A large common market of Government bonds will most probably satisfy the global demand for risk-free assets and better compete with US Treasuries. This is known as the “safe haven” argument. Also, a single debt instrument would also strengthen the use of the euro as international reserve currency.
But even more than liquidity it is credit risk which will allow Eurobond to achieve the status of a “save haven” international benchmark. Its credit standing should be as high as that of German Bunds. Evidence from the global financial crisis is consistent with a flight to credit quality more than liquidity. Much depends then on the types of guarantees and /or credit standings of participating members.

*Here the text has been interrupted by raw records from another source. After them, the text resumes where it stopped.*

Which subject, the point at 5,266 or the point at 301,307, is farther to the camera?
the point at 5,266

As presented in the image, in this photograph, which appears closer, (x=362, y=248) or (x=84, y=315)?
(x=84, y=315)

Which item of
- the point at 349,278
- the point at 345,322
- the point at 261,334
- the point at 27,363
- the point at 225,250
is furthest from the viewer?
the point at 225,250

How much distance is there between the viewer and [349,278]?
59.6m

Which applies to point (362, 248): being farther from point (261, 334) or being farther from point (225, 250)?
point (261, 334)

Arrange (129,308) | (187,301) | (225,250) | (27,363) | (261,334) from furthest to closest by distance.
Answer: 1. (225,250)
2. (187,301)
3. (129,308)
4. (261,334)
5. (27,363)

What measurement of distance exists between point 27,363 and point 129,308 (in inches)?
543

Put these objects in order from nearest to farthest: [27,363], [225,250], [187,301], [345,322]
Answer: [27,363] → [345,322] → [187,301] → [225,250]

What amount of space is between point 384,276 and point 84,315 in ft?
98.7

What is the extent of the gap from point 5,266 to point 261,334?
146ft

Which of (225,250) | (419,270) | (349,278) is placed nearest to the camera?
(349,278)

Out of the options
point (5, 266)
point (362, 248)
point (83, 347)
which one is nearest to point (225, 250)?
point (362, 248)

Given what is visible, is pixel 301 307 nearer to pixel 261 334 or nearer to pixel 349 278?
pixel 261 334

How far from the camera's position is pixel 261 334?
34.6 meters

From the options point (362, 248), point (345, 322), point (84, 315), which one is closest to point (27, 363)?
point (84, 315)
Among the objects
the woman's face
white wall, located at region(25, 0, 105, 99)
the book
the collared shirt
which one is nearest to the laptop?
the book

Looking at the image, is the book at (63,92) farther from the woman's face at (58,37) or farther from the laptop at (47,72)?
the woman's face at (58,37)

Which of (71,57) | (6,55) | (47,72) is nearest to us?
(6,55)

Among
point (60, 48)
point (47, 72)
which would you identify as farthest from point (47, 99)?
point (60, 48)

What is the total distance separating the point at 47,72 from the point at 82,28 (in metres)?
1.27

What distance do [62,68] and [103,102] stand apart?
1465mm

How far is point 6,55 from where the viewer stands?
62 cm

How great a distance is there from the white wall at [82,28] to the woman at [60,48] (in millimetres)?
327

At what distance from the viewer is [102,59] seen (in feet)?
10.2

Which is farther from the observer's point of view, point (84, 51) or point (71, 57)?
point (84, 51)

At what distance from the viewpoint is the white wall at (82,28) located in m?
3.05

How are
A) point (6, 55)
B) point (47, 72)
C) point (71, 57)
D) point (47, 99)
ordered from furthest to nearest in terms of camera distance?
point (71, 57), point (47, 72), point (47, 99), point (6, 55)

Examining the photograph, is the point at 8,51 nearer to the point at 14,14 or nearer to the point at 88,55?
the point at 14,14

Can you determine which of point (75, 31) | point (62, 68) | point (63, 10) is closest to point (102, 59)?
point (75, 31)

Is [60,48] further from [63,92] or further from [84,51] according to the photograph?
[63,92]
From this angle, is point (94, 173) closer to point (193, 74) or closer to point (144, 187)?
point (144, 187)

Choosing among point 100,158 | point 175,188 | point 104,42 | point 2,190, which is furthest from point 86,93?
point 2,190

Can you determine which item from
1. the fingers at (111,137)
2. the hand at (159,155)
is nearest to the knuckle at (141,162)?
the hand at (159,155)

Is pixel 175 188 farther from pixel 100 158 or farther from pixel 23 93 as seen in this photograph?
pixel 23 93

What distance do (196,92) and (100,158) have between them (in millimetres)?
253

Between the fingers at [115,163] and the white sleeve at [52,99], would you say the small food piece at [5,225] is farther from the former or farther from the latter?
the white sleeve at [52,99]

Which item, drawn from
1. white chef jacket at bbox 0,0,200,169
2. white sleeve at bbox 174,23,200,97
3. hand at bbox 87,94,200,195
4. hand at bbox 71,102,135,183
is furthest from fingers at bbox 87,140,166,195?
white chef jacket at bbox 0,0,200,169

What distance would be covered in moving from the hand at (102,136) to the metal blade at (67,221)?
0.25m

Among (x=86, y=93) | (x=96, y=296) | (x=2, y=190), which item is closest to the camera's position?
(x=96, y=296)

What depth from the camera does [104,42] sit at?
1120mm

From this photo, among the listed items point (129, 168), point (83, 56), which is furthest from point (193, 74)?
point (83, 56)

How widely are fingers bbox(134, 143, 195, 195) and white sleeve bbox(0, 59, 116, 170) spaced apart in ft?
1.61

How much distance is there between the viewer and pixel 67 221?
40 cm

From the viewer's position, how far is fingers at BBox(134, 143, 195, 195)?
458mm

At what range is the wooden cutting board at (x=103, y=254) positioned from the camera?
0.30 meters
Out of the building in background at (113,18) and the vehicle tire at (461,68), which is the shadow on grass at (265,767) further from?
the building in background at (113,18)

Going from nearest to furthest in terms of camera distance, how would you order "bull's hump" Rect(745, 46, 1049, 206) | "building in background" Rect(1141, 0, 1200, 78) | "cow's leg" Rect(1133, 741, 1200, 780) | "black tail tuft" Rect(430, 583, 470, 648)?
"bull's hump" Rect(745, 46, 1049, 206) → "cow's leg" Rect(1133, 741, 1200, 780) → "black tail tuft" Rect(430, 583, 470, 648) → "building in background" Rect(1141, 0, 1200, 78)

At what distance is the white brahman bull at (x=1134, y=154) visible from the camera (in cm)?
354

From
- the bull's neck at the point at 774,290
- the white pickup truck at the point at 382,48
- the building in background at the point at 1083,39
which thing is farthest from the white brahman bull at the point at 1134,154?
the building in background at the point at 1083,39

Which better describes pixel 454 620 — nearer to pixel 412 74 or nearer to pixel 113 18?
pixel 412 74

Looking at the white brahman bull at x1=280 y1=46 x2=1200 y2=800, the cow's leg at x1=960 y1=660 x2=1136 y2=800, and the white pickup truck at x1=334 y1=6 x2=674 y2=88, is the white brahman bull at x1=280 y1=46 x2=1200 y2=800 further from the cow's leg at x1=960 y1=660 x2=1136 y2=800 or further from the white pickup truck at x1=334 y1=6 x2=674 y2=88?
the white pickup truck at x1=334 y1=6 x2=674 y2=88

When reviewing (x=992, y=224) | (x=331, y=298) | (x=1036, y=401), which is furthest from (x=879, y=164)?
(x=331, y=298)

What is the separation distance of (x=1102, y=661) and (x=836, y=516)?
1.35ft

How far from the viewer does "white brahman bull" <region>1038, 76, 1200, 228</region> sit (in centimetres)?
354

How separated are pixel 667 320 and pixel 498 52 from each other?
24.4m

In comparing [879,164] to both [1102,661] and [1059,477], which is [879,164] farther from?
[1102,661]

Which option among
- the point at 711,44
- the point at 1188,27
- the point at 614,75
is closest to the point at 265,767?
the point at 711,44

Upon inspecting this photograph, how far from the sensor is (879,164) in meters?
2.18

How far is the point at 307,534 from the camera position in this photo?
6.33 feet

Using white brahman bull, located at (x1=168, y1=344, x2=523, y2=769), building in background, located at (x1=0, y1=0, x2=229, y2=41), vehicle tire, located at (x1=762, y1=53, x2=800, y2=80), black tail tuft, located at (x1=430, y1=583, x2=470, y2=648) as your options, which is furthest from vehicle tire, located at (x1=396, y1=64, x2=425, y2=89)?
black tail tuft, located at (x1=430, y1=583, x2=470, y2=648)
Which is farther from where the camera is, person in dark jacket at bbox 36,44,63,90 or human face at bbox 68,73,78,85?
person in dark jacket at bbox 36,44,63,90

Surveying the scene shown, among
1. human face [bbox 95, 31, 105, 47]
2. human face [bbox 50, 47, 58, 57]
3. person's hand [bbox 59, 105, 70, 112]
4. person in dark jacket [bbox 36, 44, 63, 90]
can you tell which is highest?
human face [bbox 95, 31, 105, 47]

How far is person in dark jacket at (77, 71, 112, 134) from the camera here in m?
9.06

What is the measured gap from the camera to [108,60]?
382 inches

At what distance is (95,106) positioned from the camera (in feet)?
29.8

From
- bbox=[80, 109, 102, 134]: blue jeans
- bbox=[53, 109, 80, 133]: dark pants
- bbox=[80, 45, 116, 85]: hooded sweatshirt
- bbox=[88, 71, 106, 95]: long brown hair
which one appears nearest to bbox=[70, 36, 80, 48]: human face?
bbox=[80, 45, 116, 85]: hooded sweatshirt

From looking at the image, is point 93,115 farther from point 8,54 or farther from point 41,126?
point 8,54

EIB bonds are priced by international investors in the same way as safe but illiquid Finnish bonds; indeed the interest rate differential between the two bonds is practically zero. This suggests that a Eurobond issued by an EU institution (and probably all euro-area MS) would be perceived as the highest credit quality and could reach the “safe haven” status if its market size approached that of US Treasuries.
Cons
Commitment to permanent issuance program will be crucial
To create a thick market, Eurobond issues would have to be sufficiently large, regular and predictable, i.e. based on an issuing calendar specifying minimum offered amounts. More importantly , issuance should not be discontinued. This may prove to be difficult to the extent that the transition process will involve high initial set-up costs and uncertain benefits in the future.
Centralized funding would raise coordination issues and would have to be accommodated on national bond markets. This could add complexity to the management of each MS’s total debt and run against full market integration.
A Eurobond underpinned by joint guarantees allows for a greater flexibility in accommodating debt management. In all cases, joint issuance would require high degree of coordination: amounts, maturity and timing of bond issues would have to be decided by the issuing entity in close operation with MS.
Cons
The most forceful argument against a common European bond is that it undermines fiscal discipline by removing incentives for sound budgetary policies. At worst, it could create a moral hazard problem in that a Member State may be tempted to free ride on other Members’ legal obligations to assume its debt in case of default. In particular, a common Eurobond prevents financial markets from exerting their disciplinary effects through higher interest rates and undermines the no bailout clause that prohibits a Member State to be liable for or assume the debt obligations of another government. Then, with lower costs ofdefault and deficit financing, Member States would be encouraged to run lax fiscal policies and take up more debt. This would weaken the credibility of the euro-zone as an area of stability and fiscal soundness.
In the end the problem of moral hazard created by the mutualisation of risks would always emerge, as it is inherent in any insurance contract. The important question to ask is whether a common Eurobond can reduce exposure to crisis transmission and whether this benefit can compensate for the risk of moral hazard.